Всматриваясь в черную ночь за стеклом, Осип Петрович напряг ослабевший с годами слух. Он знал, что Михаил не мог ошибиться: чуткое ухо охотника еще никогда не подводило брата. Несколько мгновений все было, казалось, так же тихо. Именно это было особенно страшно.
Опять, как вчера в поле, над распластанным на снегу зайцем, ледяная петля захватила горло и грудь. Но петля не отпустила сразу, как прежде, а сжалась еще туже. Тогда было только предчувствие беды. Сейчас Осип Петрович все еще ничего не слышал, но почему-то знал, и знал точно: вот она, смерть. Пришла.
Они стояли у самого окна, прижав холодные лица к ледяному черному стеклу, и напряженно вслушивались. Михаил быстро вернулся к столу и, загасив керосиновую лампу, снова стал рядом.
Вот, вот оно, - прошептал он. – Вот опять. Слышишь?
Да, - ответил ему брат. – Теперь слышу.
Не услышать было уже невозможно. Топот сапог по промерзшей булыжной мостовой, чуть прикрытой снегом, становился все громче. Звуки усиливались в темной трубе переулка, и никак нельзя было определить, откуда именно они доносятся.
Гул голосов, приближаясь, превратился в какой-то вой. Раздавались отдельные пронзительные вскрики. На мгновение все стихло, и тут же хлестнул резкий сухой звук, похожий на хлопок арапника.
Вой и грохот усиливались и вот уже отчетливо дробились на отдельные различимые звуки: топот, визг, ругань.

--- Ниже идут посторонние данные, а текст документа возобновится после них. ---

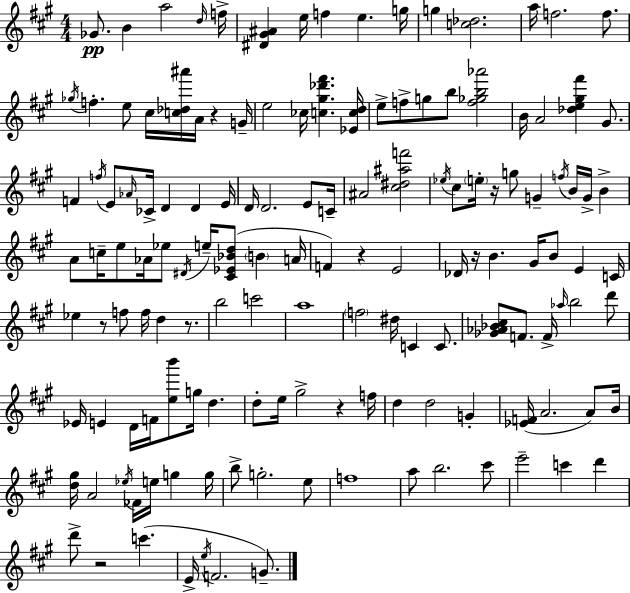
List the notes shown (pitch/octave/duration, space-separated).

Gb4/e. B4/q A5/h D5/s F5/s [D#4,G#4,A#4]/q E5/s F5/q E5/q. G5/s G5/q [C5,Db5]/h. A5/s F5/h. F5/e. Gb5/s F5/q. E5/e C#5/s [C5,Db5,A#6]/s A4/s R/q G4/s E5/h CES5/s [C5,G#5,Db6,F#6]/q. [Eb4,C5,D5]/s E5/e F5/e G5/e B5/e [F5,Gb5,B5,Ab6]/h B4/s A4/h [Db5,E5,G#5,F#6]/q G#4/e. F4/q F5/s E4/e Ab4/s CES4/s D4/q D4/q E4/s D4/s D4/h. E4/e C4/s A#4/h [C#5,D#5,A#5,F6]/h Eb5/s C#5/e E5/s R/s G5/e G4/q F5/s B4/s G4/s B4/q A4/e C5/s E5/e Ab4/s Eb5/e D#4/s E5/s [C#4,Eb4,Bb4,D5]/e B4/q A4/s F4/q R/q E4/h Db4/s R/s B4/q. G#4/s B4/e E4/q C4/s Eb5/q R/e F5/e F5/s D5/q R/e. B5/h C6/h A5/w F5/h D#5/s C4/q C4/e. [Gb4,Ab4,Bb4,C#5]/e F4/e. F4/s Ab5/s B5/h D6/e Eb4/s E4/q D4/s F4/s [E5,B6]/e G5/s D5/q. D5/e E5/s G#5/h R/q F5/s D5/q D5/h G4/q [Eb4,F4]/s A4/h. A4/e B4/s [D5,G#5]/s A4/h Eb5/s FES4/s E5/s G5/q G5/s B5/e G5/h. E5/e F5/w A5/e B5/h. C#6/e E6/h C6/q D6/q D6/e R/h C6/q. E4/s E5/s F4/h. G4/e.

Миша, что это? Что это? Бежим, бежим отсюда, - торопливым шепотом, почти бессознательно пробормотал Осип Петрович, схватил брата за руку и потянул к двери из кабинета в прихожую.
Из прихожей было два выхода – один на парадную лестницу и через парадный подъезд - в переулок, к реке. Другой через кухню, мимо пустой комнаты прислуги, на лестницу черного хода и во двор. Со двора несколько проходов вели в другие дворы и задворки, в целый лабиринт темных проулков между глухими заборами.
Михаил обернулся к нему от окна, спокойно взял его озябшие руки в свои, почему-то теплые, почти горячие, обнял за плечи и так, не отпуская, отвел в глубь кабинета и усадил на черный кожаный диван.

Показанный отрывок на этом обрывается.